== Task prompt ==
With the pictures set aside, write out all of the data exactly as it stands.

== Records to use ==
════════════════════

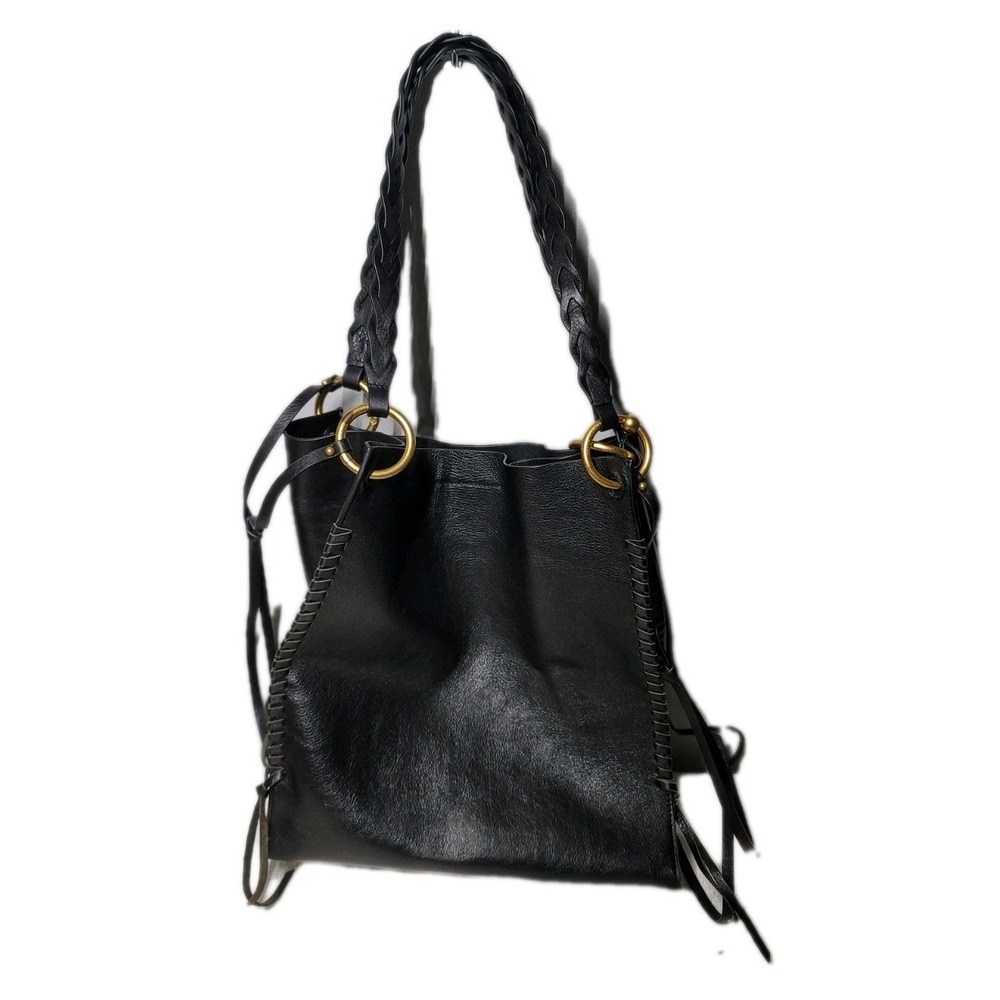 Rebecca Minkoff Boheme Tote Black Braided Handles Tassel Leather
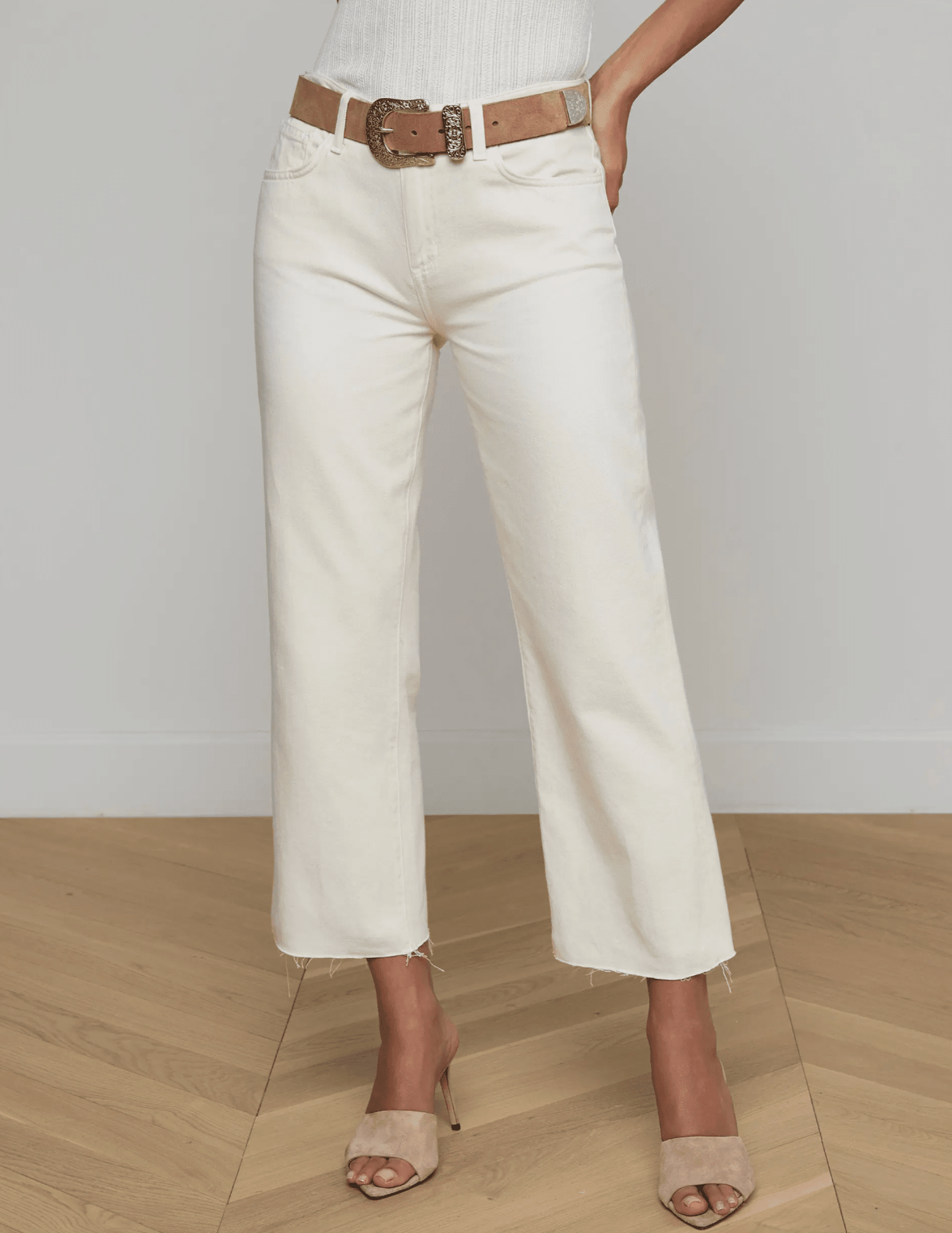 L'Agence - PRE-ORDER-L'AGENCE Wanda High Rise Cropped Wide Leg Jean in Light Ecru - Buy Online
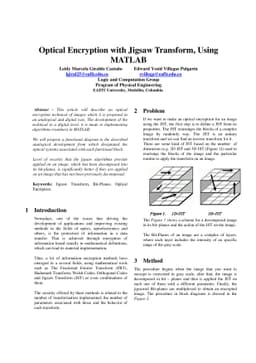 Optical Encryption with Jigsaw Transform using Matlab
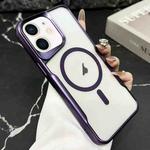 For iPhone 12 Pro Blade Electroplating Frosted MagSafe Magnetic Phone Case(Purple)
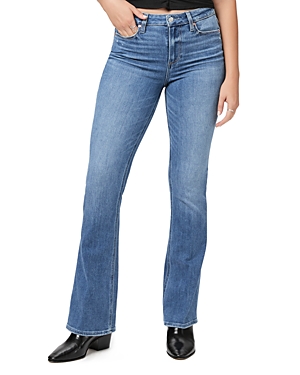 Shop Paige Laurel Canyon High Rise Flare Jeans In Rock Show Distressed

════════════════════

== Response box ==
 Rebecca Minkoff Boheme Tote Black Braided Handles Tassel Leather
 L'Agence - PRE-ORDER-L'AGENCE Wanda High Rise Cropped Wide Leg Jean in Light Ecru - Buy Online
 Optical Encryption with Jigsaw Transform using Matlab
 For iPhone 12 Pro Blade Electroplating Frosted MagSafe Magnetic Phone Case(Purple)
 Shop Paige Laurel Canyon High Rise Flare Jeans In Rock Show Distressed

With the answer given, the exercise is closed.